Le Dieu Priape***.
Pascale me regardait manger et moi j’étais gêné, mais surtout je me demandais quelle était la signification de ce qu’elle venait de me dire.
Elle avait les yeux fixés sur le bas de mon visage. Et je compris très vite pourquoi ! Un petit filet d’huile d’olive avait furtivement fuit du pan bagnat pour se glisser insidieusement sur ma lèvre inférieure puis, selon la loi de la gravité universelle chère à Newton, sur mon menton.
La honte !
Que faire pour paraître un peu plus « smart* » ?
Mon regard balaya le labo à la recherche d’une serviette propre. Rien ! Il y avait bien un torchon accroché à un mur, mais son état était plutôt douteux : humide en permanence, il en avait bien dû essuyer des tas de béchers, de soucoupes, de tubes à essais et j’en passe, depuis l’année dernière.

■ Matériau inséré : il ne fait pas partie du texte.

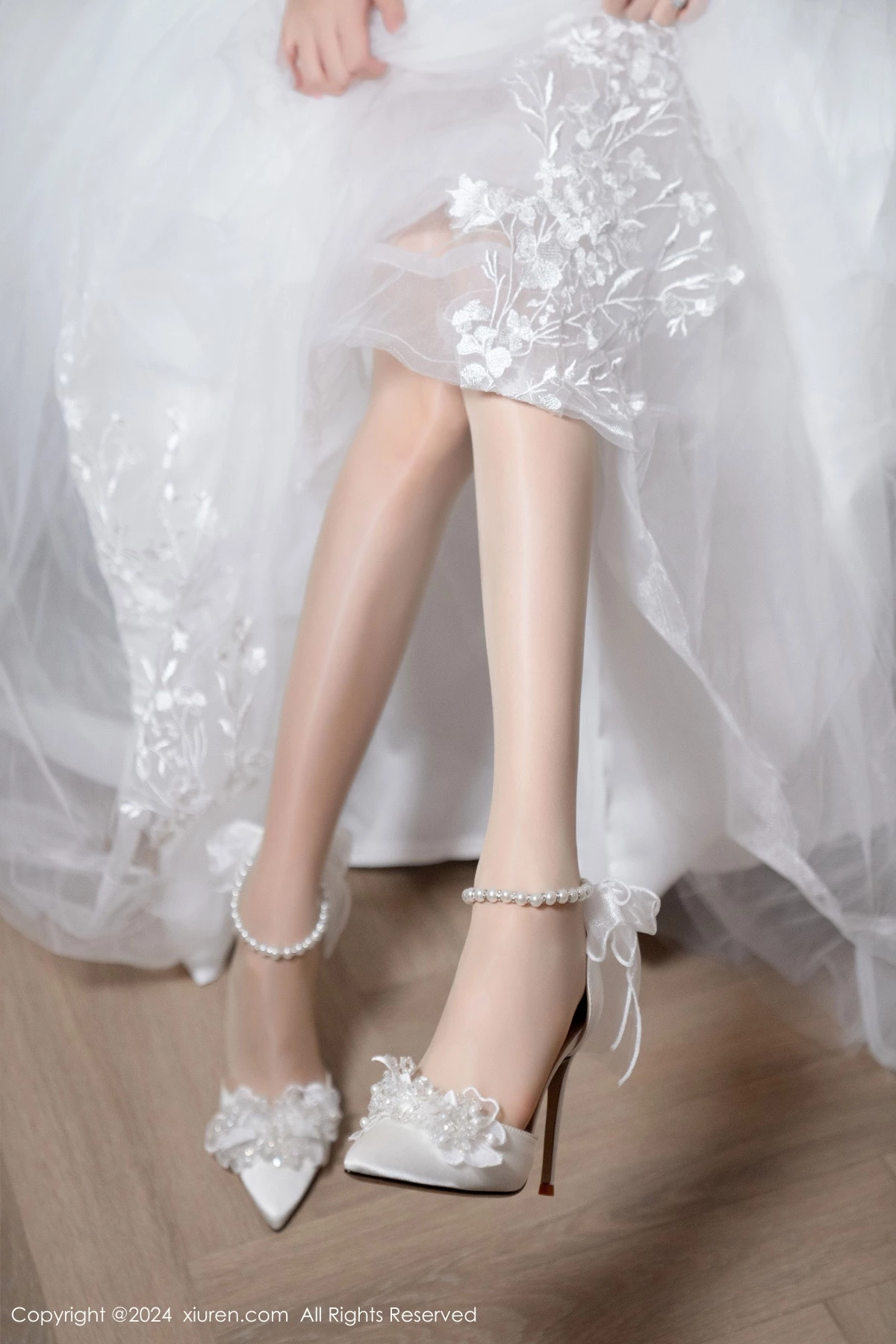 [[XiuRen秀人网]秀人网]No.8998_模特利世浴室场景性感白色婚纱配超薄肉丝秀完美身材诱惑写真100P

J’en voulus immédiatement à la fille de labo qui ne faisait pas son travail sérieusement.
Et soudain j’aperçus, sur une petite table, quatre grandes feuilles de papier-filtre format 50cm sur 50cm, plutôt poussiéreuses et jaunies que j’utilisais pour des filtrations de solutions hétérogènes avec des entonnoirs, en les découpant en petits carrés de dix centimètres de côté.
Je n’avais pas de ciseaux sous la main, alors je me contentais de déchirer le papier absorbant en un petit morceau de forme géométrique parfaitement inconnue, pour m’essuyer discrètement le menton.
Avant que je n’eusse réussi à nettoyer ma peau, Pascale, avec la promptitude d’un cobra, interrompit mon geste en serrant mon avant-bras droit.
- Arrête Alain, il y a mieux à faire !
Elle approcha son visage du mien et en sortant sa langue plutôt impudique, elle me dit :
- Je peux lécher l’huile d’olive qui coule sur ta peau ?
Je comprenais tout !
Effectivement, elle était folle !
Moi, j’avais eu cette idée en la voyant manger son pain dégoulinant de matière grasse, mais elle était restée à l’état de pur fantasme inavouable.
Je répondis :
- Oui !
Il fallait bien que j’acceptasse cette petite séance de « dépravation » qu’elle m’offrait sans pudeur.
Elle était si près de moi, elle embaumait « Les jardins de bagatelle » de Guerlain et l’odeur piquante des petits oignons rouges découpés en rondelles qu’elle avait finis de manger.
Sa langue humide et mobile se posa sur le bas de mon menton et lentement, en suivant le filet d’huile d’olive qui avait coulé sur ma peau, elle la fit remonter vers mes lèvres.
Moi j’avais l’impression de me trouver dans un labyrinthe quantique, dans un lieu où j’avais le don d’ubiquité**, où mes sensations, en se multipliant à l’infini, se trouvaient en plusieurs endroits simultanément.
J’étais tout simplement perdu !
Je planais comme un oiseau au-dessus d’un oasis du désert de Gobi.
Elle léchait bien !
C’est à ce moment-là que je me mis à ressembler au dieu Priape***…
A suivre…
Notes :
* Smart : élégant, chic, raffiné…
** Ubiquité : L'ubiquité ou l'omniprésence est la capacité d'être présent en tout lieu ou en plusieurs lieux simultanément. Le terme est dérivé du latin « ubique » qui signifie « partout ».
*** Priape : Dans la mythologie grecque, Priape est un dieu de la fertilité, c'est un dieu ithyphallique, protecteur des jardins et des troupeaux.
On reconnaît Priape par son gigantesque pénis constamment en érection. Cette particularité a donné son nom au terme médical priapisme.